Aos histéricos do politicamente correcto, que na sua grande maioria se limitam a ler as parangonas e a debitar slogans que eles próprios não compreendem e, portanto, de que não adivinham as suas dramáticas consequências, devo descansá-los/las/les, pois aqui não pretendo tratar dos temas com que gastam os vossos dias. Em todo o caso, convido-vos a ler qualquer coisa fora do (vosso) normal.

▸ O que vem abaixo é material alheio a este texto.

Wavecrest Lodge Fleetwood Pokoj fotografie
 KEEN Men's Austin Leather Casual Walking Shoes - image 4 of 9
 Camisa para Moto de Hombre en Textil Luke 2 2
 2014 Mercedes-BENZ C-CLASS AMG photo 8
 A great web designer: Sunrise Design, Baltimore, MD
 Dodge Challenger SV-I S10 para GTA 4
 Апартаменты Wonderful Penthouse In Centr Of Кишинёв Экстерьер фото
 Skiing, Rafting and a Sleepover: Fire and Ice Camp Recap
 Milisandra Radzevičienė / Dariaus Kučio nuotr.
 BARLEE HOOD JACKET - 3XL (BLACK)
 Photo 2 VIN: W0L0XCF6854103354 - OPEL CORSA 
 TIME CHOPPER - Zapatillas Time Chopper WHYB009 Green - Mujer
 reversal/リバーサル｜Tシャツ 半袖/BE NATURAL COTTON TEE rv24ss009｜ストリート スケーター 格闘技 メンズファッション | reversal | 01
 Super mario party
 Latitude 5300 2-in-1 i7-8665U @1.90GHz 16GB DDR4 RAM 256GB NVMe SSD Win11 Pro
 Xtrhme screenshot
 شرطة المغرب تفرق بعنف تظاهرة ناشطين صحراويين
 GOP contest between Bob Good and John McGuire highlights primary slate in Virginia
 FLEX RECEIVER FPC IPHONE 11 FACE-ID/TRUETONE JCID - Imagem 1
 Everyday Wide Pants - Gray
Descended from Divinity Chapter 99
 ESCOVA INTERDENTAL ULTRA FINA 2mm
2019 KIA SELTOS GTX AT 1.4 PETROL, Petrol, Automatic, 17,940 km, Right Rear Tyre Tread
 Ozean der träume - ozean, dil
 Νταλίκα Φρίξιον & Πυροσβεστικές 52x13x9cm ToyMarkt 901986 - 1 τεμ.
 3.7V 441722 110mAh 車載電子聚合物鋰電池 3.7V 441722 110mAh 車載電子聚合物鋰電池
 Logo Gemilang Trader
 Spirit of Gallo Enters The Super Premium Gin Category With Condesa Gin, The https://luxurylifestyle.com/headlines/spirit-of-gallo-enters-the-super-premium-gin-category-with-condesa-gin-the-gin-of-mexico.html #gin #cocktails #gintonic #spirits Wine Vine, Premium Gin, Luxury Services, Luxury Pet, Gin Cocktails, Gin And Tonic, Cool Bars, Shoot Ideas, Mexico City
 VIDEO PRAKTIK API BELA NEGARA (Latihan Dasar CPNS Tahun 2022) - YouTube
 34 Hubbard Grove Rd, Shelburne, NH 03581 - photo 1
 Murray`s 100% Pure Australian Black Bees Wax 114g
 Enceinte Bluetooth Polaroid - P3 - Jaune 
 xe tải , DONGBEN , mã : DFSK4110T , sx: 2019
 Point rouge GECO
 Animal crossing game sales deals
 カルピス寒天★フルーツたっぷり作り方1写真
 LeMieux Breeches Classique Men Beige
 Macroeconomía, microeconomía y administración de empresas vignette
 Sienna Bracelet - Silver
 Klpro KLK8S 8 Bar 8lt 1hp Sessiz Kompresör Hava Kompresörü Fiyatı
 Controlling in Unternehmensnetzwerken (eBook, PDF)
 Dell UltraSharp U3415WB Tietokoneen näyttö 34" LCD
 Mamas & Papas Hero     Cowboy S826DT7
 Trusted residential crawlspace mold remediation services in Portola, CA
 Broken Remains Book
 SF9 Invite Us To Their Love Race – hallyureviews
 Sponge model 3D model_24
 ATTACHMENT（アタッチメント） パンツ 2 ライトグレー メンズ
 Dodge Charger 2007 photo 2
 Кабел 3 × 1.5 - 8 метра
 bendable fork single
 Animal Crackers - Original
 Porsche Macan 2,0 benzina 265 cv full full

Hoje, dia em que escrevo, é Dia de Todos os Santos, o 1.º de Novembro. Há precisamente 590 anos – efeméride que certamente teria merecido um telefonema comemorativo do meu Avô António – morria São Nuno de Santa Maria, o célebre Nun’Álvares Pereira, prenúncio admirável de quem há muitos séculos foi canonizado pela devoção popular como o Santo Condestável de Portugal. Festejá-lo-emos já no próximo dia 6, e na 1.ª Leitura da Missa escutaremos a seguinte perícope tirada do Livro de Ben-Sirá:

Celebremos os louvores dos homens ilustres, dos nossos antepassados através das gerações. O Senhor realizou neles a sua glória, a sua grandeza desde os tempos mais antigos. Eram poderosos nos seus reinos, homens de fama pelos seus feitos grandiosos e bons conselheiros pela sua inteligência. Eram guias do povo pelos seus conselhos, pela sua inteligência na instrução do povo e pelas sábias palavras no seu ensino. Homens ricos e poderosos, viviam em paz em suas casas. Todos eles alcançaram fama entre os seus contemporâneos e glorificados já em seus dias. Foram homens virtuosos e as suas obras não foram esquecidas. A sua descendência permanece para sempre e jamais se apagará a sua memória. Os seus corpos repousam em paz e o seu nome vive através das gerações.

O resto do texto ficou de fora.